Часто из этих разговоров рождались темы для будущих книг, музейных выставок или новых медиапроектов. И тут же на заднем плане проходили какие-то таинственные фигуры из совсем другой реальности: донецкий миллиардер Ринат Ахметов, первая леди Азербайджана Мехрибан Алиева и даже Никита Михалков, чьими поздними фильмами он, к моему изумлению, искренне восхищался.
— Шура, дорогой, ты рехнулся, — примирительно говорил я, не желая портить вечер бессмысленным спором.
— Нет, не рехнулся. Ты не понимаешь, такого уровня кино больше нигде не снимают.
— Ну и прекрасно, что не снимают!
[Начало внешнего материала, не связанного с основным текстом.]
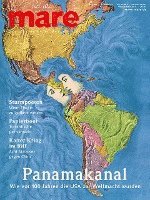 bokomslag mare - Zeitschrift der Meere / No. 102 / Panamakanal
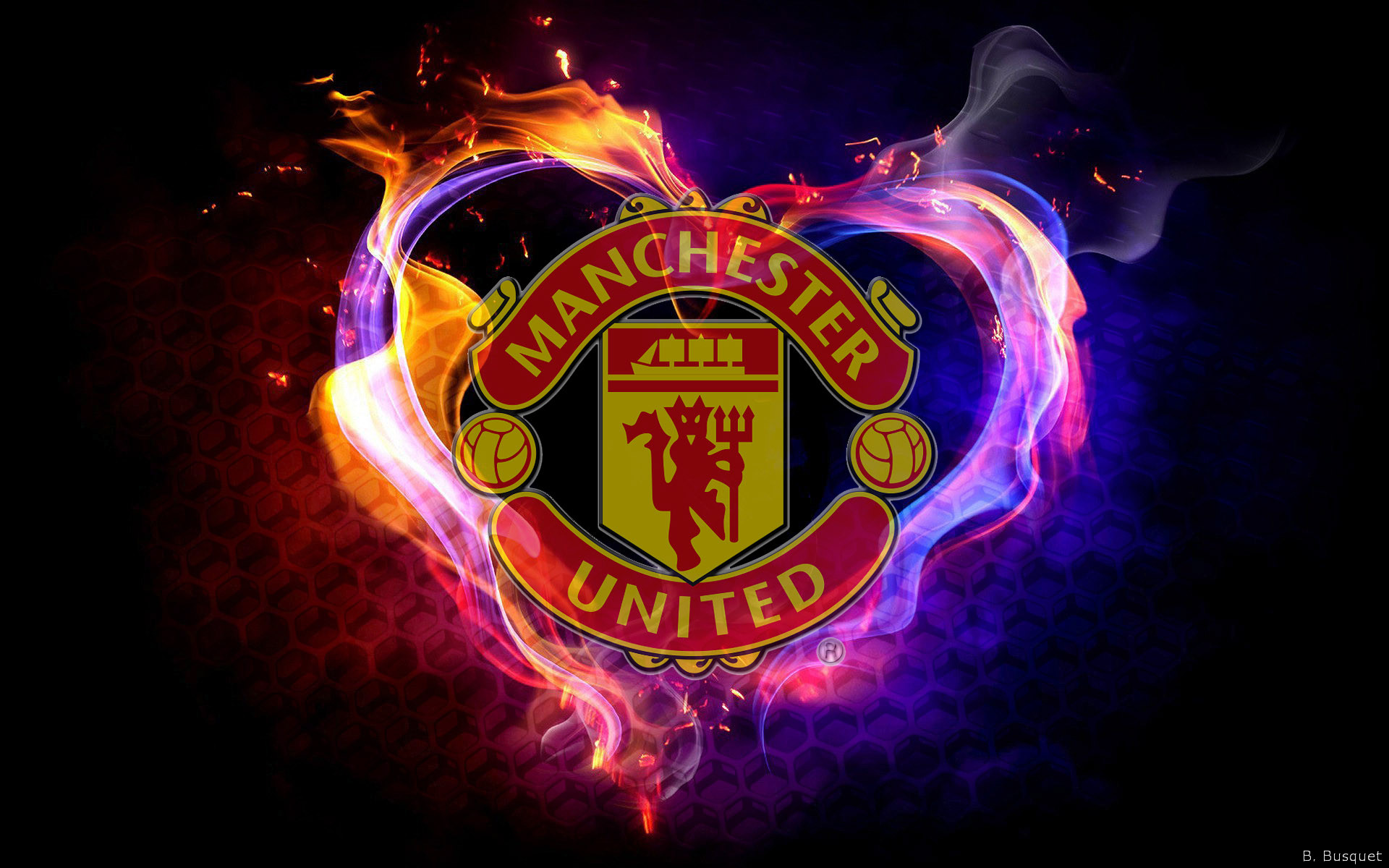 Manchester United Wallpaper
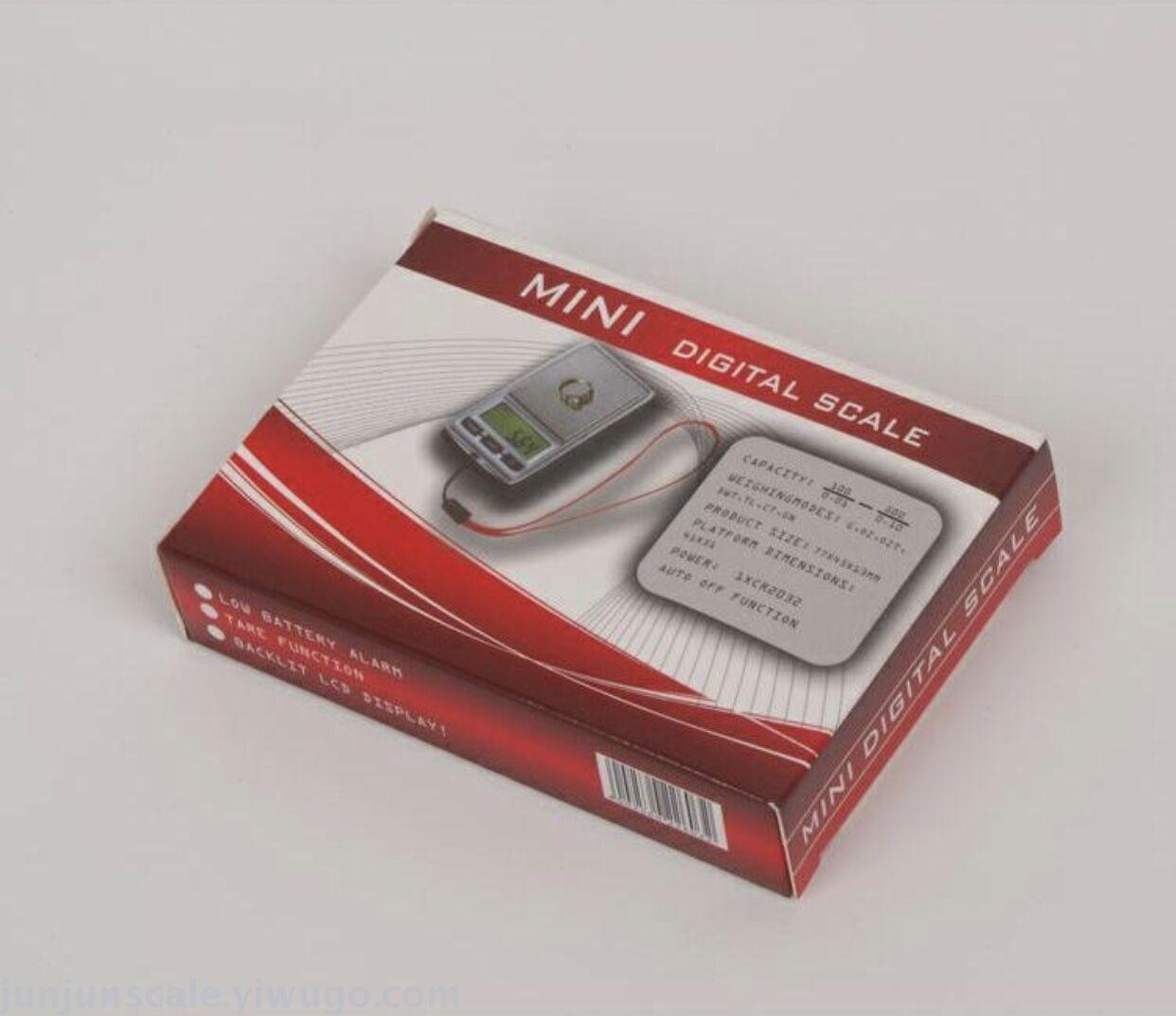 Báscula de peso de gramo de oro de alta precisión báscula electrónica báscula de joyería 0.01 báscula de bolsillo báscula de palma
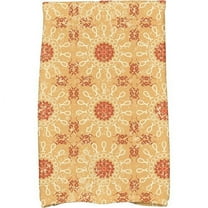 Simply Daisy 18" x 30" Sun Tile Geometric Print Kitchen Towel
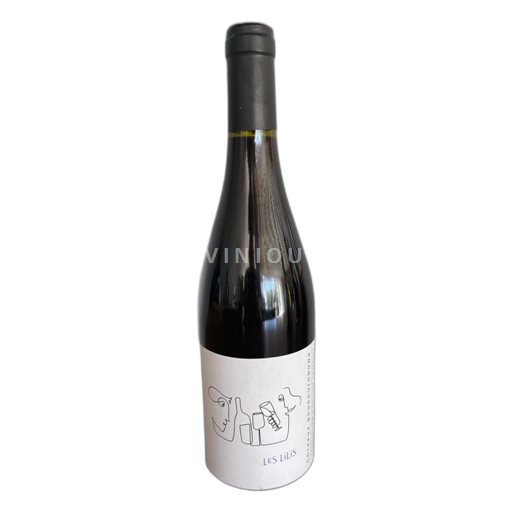 Burgundi Burgundin rinteet Les Lilis 2022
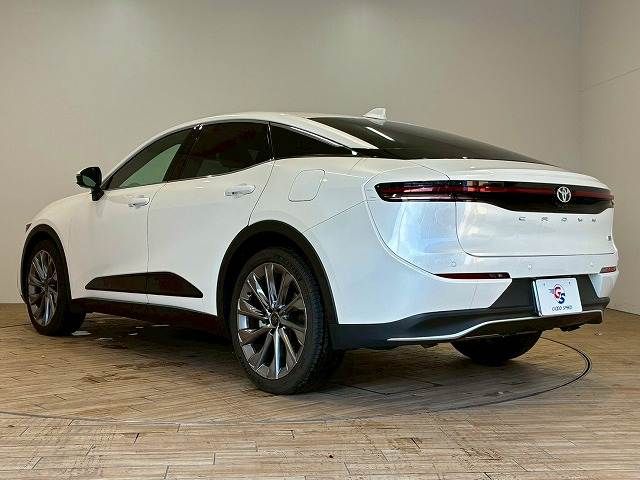 TOYOTA CROWN CROSSOVER 2023 Image 31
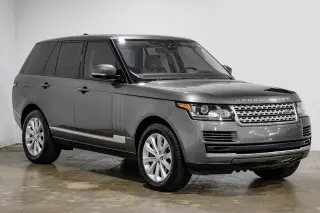2017 Land Rover Range Rover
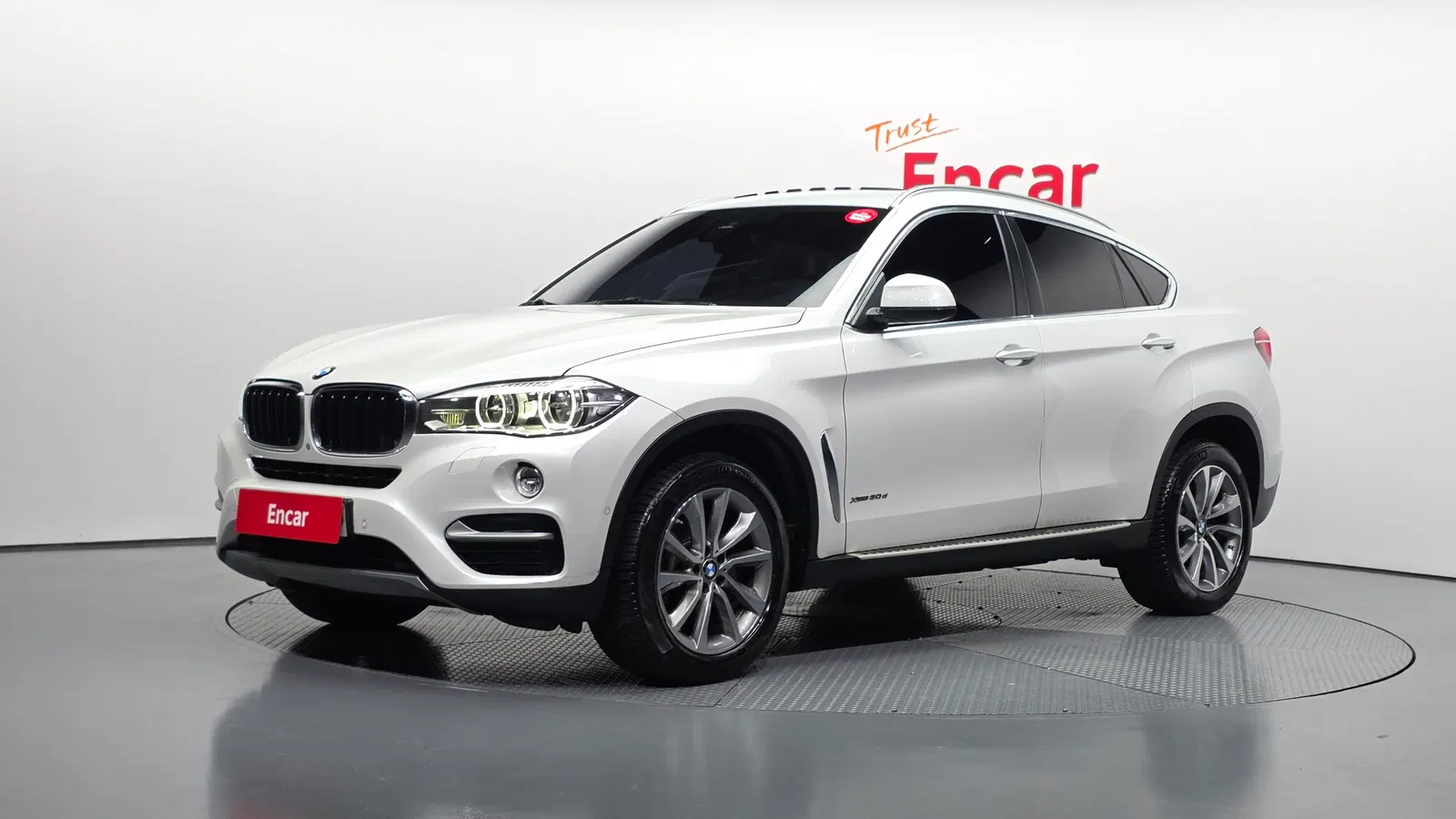 BMW X6 (F16) xDrive 30d 2015 — photo 1 sur 20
Готов за это с тобой выпить.
Шура не спорил. Но переубедить его было невозможно. Да и зачем? Мы так редко виделись. Наша жизнь проходила на разных берегах. Лишь несколько дорогих нам обоим людей и давние воспоминания юности продолжали связывать нас.
Мне не хотелось выяснять, кого он там «консультировал», куда его приглашали, за какой такой сверхсекретный забор он то и дело заглядывал. А главное, что открывалось там его задумчивому грустноглазому взору просвещенного интеллектуала и русского европейца?
Как считает Татьяна Толстая, «он все понимал, но упрямо верил в разум, добро, в святыни и их бережное сохранение... только там, в этом жерле с шестеренками, уже не было ни добра, ни разума, ни святынь».
Логично, что его регулярные заходы на территорию большой политики и больших денег в какой-то момент закончились. Однажды он обнаружил, что дверь, куда его раньше пускали, наглухо закрыта, а банкет победителей продолжился без него. Там больше не интересовались мнением людей компромисса.
Что сам Шура по этому поводу думал и чувствовал, могу лишь догадываться. В книге я нашел глухие упоминания о двух неудачных визитах к могущественным и важным персонам, обернувшихся для него новыми страданиями. Ему не надо было к ним ходить.
Конечно, Шуру прежде всего страшила бедность и неопрятная старость. Когда-то он знал всех главных эрмитажных старух и чудом выживших ленинградских денди. Они умерли нищими. Как об одном из своих пророческих видений рассказывал он мне об известной и невероятно талантливой критикессе, которую однажды застал за постыдным занятием: после банкета она в одиночестве ходила по неубранным столам и тайком допивала содержимое из чужих рюмок. Но даже в этом случае бедность не была так жалка и унизительна, как сейчас, особенно, на фоне оглушительного богатства тех, кого еще недавно он «консультировал».
«Мою жизнь снесли», — кричал заголовок одного из его последних опусов, выложенный в фейсбуке за четыре месяца до смерти. Там про снесенный дом на Ордынке, где когда-то находилось Союзинформкино. Там Шуре заказывали его гениальные тексты. Где теперь эти тексты? Где этот дом? Мисюсь, где ты?
Всю нашу жизнь снесли, что уж там про какие-то стены горевать.
Но он страдал, бедный. Сердце ныло. Переживал, молча, ища и не находя ни в ком ни поддержки, ни участия. А тут еще эта пандемия…
Его последним пристанищем на земле станет Боголюбский храм, где над царскими вратами было написано «БЕЗСМЕРТНАЯ ТРАПЕЗА». По-моему красивый финал. Верю, что там, где сейчас Шура, нет ни голода, ни страданий, ни обид. И трапеза там никогда не кончается.